The neat thing about these two representations is that one can switch between an integral where the only dependency on \(x\) is in \(f(g(x,\varepsilon))\) and an integral where the only dependency on \(x\) is in \(p(g_x^{-1}(u))\). When we take the derivative of \(E[Z(x)]\), there is therefore an equivalency between finding out how every value of the function \(f(g(x, \varepsilon))\) changes holding weights \(p(\epsilon)\) constant and finding out how the weights \(p(g_x^{-1}(u))\) change holding the function \(f(u)\) constant.

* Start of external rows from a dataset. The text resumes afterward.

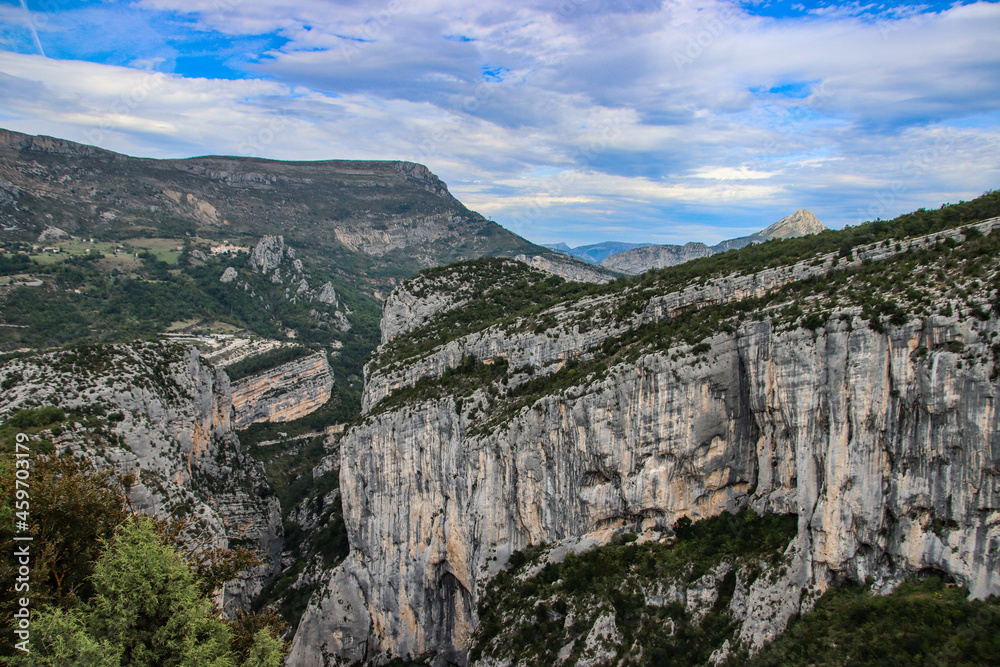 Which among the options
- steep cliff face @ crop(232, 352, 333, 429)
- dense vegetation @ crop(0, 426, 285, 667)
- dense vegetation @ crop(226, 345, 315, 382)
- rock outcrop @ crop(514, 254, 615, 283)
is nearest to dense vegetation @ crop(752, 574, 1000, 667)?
dense vegetation @ crop(0, 426, 285, 667)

The first approach is the easiest, giving a derivative of:

$$\frac{d E[Z(x)]}{dx} = \int_{-\infty}^{\infty} \frac{\partial f\circ g}{\partial x}(x, \varepsilon) p(\varepsilon) d\varepsilon = \int_{-\infty}^{\infty} \left [f'(g(x, \varepsilon)) \frac{\partial g}{\partial x}(x, \varepsilon)\right ] p(\varepsilon) d\varepsilon$$

The second approach gives the following, which can be solved by quotient rule[1] assuming that \(g(x, -\infty)\) and \(g(x, \infty)\) do not depend on \(x\).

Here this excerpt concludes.